Reports that one of Havant’s last remaining meadows at Langstone could be allocated to meeting the council’s housing targets adds weight to local as well as national concern.
Despite the word ‘meadow’ appearing throughout English literature and being featured in thousands of road names, most of us would be hard put to find one even with the aid of a global positioning system (GPS).
A meadow in high summer, full of wild flowers such as harebell, scabious and oxe-eye daisies, not to mention wild grasses, is one of the delights of nature.
Meadows are not only a repository for wild plants, they are also home to more than 100 insect species providing food for birds, bees and butterflies whose natural habitats are seriously threatened by the widespread over use of pesticides, herbicides and fertilizers.
The now-annual National Meadows Day, coordinated by Plantlife, a partnership of 11 organisations, aims to raise public awareness of the value of meadows everywhere.
Restoration projects are under way in various parts of the country, although hardly any in Hampshire.

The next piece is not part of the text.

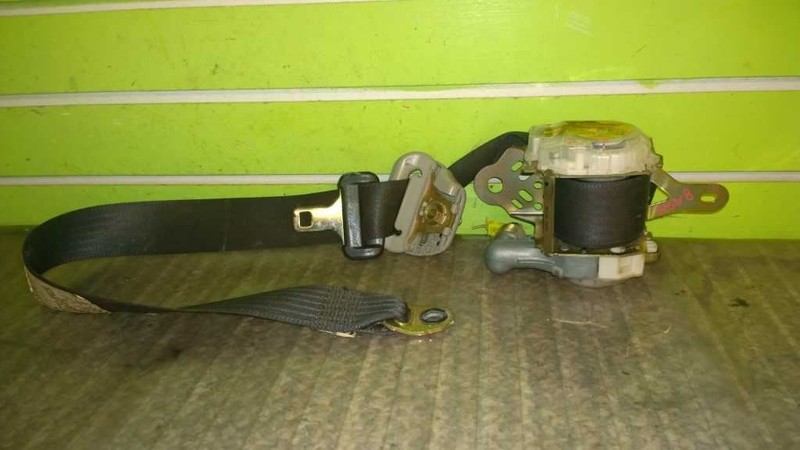 03VIBE 1.8L AT PASSENGER RIGHT FRONT SEAT BELT RETRACTOR OEM 1456-8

Plantlife provides a wealth of information on how to create or restore meadowland and there may be funding available for viable projects.
It is often said that development is a fact of life and that we must keep pace with the needs of a growing population.
In towns like Havant developments such as the one recently approved in the former Emsworth gap press hard on protected land with more than a dozen sensitive sites less that 500 metres away.
There is a Local Biodiversity Plan, but, as with similar plans, it has become mostly a file-and-forget exercise.
Future generations plainly need somewhere to live but equally they need somewhere local to enjoy and re-connect with nature.